§ **AVAILABLE DATA**:
Start of Block

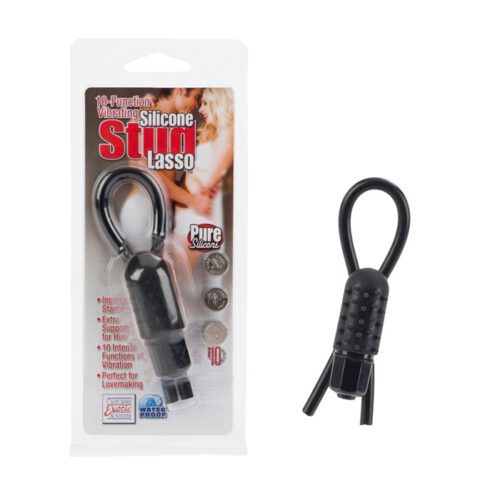 Vibrating Silicone Stud Lasso Black 1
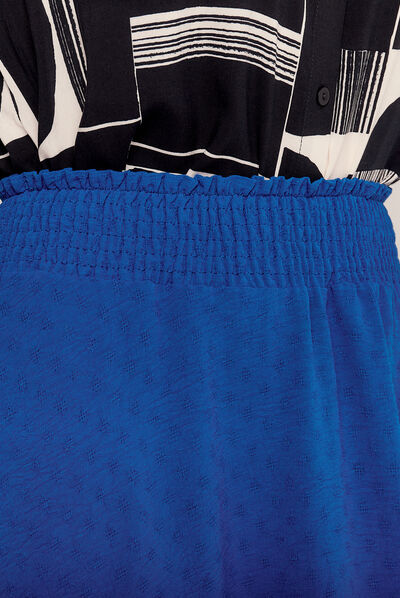 Jupe longue évasée asymétrique bleu electrique femme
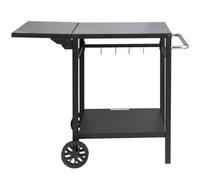 VEVOR Carrello da Pranzo per BBQ da Esterno con Doppio Ripiano, Tavolo Mobile per la Preparazione degli Alimenti per Barbecue, Piano Multifunzionale in Ferro Pieghevole, Carrelli Modulari per Esterno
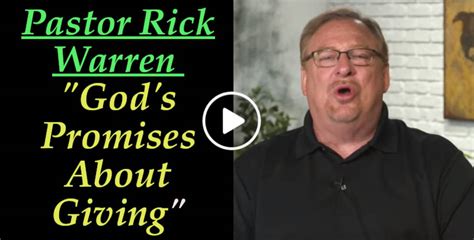 Pastor Rick Warren December 17 2021 Gods Promises About Giving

End of Block

§ **EXERCISE AIM**: Only what runs from the line with "VEVOR Carrello da" through the last line of the listing above belongs in the answer, set down exactly and free of pictures.

§ **ANSWER AREA**:
 VEVOR Carrello da Pranzo per BBQ da Esterno con Doppio Ripiano, Tavolo Mobile per la Preparazione degli Alimenti per Barbecue, Piano Multifunzionale in Ferro Pieghevole, Carrelli Modulari per Esterno
 Pastor Rick Warren December 17 2021 Gods Promises About Giving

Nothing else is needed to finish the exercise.